Many of the species that we thought of as iconic New Zealand natives – a classic example would be the takahē – we now know are relatively recent blow-ins from Australia, arriving only a few million years ago. Twenty-three years of digging at St Bathans has changed our idea about the age of the New Zealand fauna and the importance of some animals over others. For example, until now we thought that birds like kiwi and moa were among the oldest representatives of New Zealand fauna. We are now realising that the Kākāpō, tiny New Zealand wrens and bats, and even a bizarre freshwater limpet, are the real ancient New Zealand natives.

Dr Paul Scofield, co-author
Canterbury Museum
Christchurch, New Zealand


The research concludes that this menagerie of exotic animals was wiped out by dramatic temperature drops over the last about 5 million years.

Lead author Flinders University Associate Professor Trevor Worthy said 23 years of research at St Bathans had transformed our understanding of how non-marine vertebrate life in New Zealand looked around 20 million years ago during the Early Miocene era.

It’s exciting to be involved in a project that continues to make absolutely fresh discoveries about what animals lived in New Zealand’s lakes and rivers, and the forests around them, during this critical period in history. Every year we find new specimens. Finds that reveal amazing new species that we couldn’t have imagined when we first started working there.

Associate Professor Trevor H. Worthy, lead author
College of Science and Engineering
Flinders University
Adelaide, South Australia, Australia

Study co-author Dr Vanesa De Pietri of the University of Canterbury said the animals that lived in New Zealand 20 million years ago were very different to what we have now.
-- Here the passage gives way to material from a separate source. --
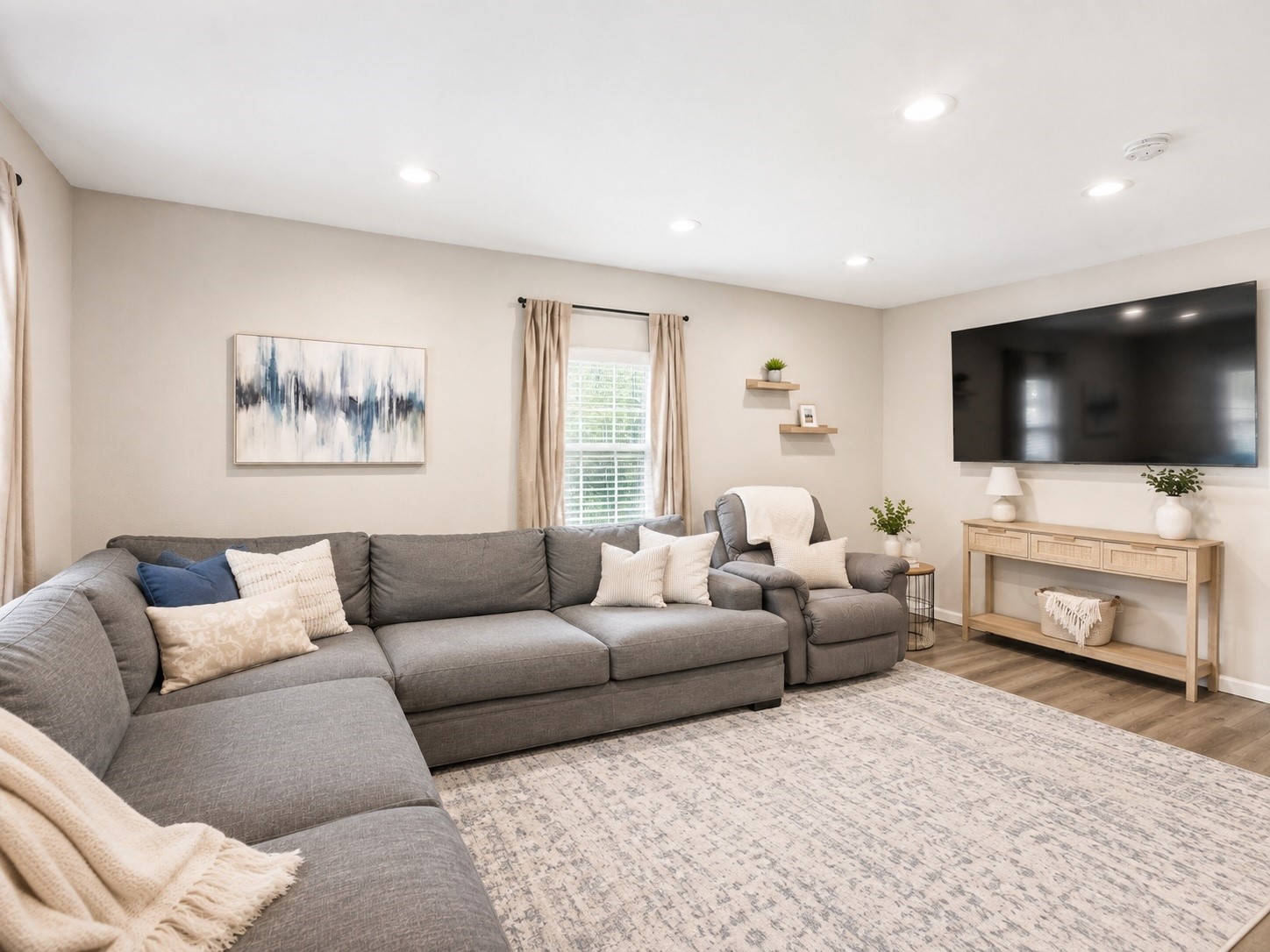 1503 Dale Drive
For example, we had another giant eagle that was not related to Haast’s Eagle. We had a whole bunch of songbirds that were quite different, crocodiles and even potentially a small mammal that we’ve nicknamed the waddling mouse. We are still in the middle of our research into understanding exactly what that was.

Dr Vanesa L. De Pietri, co-author
School of Earth and Environment
University of Canterbury
Christchurch, New Zealand.

The latest research paper was a collaboration between Flinders University, Canterbury Museum, Te Whare Wānanga o Waitaha University of Canterbury, The University of Queensland, University of Copenhagen and University of New South Wales.
Artist's impression of the St. Bathans Fauna. Source: New Zealand Geographic
Illustrations: Tom Simpson
Abstract
The St Bathans Fauna, from sites near the village of St Bathans, Central Otago, South Island, is the first substantive pre-Quaternary terrestrial vertebrate fossil fauna discovered in New Zealand. This fauna derives from 33 sites or discrete sedimentary beds located in the lower 50 m of the lacustrine Bannockburn Formation, Manuherikia Group, and is generally accepted as local stage Altonian (19–15.9 Ma; Burdigalian, Early Miocene) in age. Investigations since 2001 have revealed an abundant and diverse fauna from over 9000 catalogued lots that is herein reviewed. Invertebrates notably include eight genera and species of terrestrial molluscs. Among vertebrates, freshwater fish remains dominate with 17 species evidenced by 16,500 analysed otoliths (genera Neochanna, Galaxias, Prototroctes, and Mataichthys) and many thousands of bones. Birds (minimally 45 species, several thousand bones) are the most common non-fish vertebrates, among which waterfowls dominate all assemblages (10 species). Co-occurring with these was a diverse herpetofauna, including undetermined crocodylians and a terrestrial turtle, both absent in Recent faunas. Significantly, the St Bathans Fauna evidences that Zealandia already had all of New Zealand’s ‘old’ endemic Recent taxa (sphenodontids, leiopelmatids, dinornithiforms, apterygids, aptornithids, strigopoid parrots, acanthisittids, and mystacinids) during the Early Miocene. Furthermore, it includes Australasia’s oldest ardeids, two flightless rallids, a novel higher landbird family, a greater diversity of bats, and terrestrial mammals. All sites reflect a single fauna, except that the ducks Manuherikia lacustrina (stratigraphically lower in section) and M. primadividua (higher) have a mutually exclusive distribution that is not yet correlated with any other biotic distribution differences.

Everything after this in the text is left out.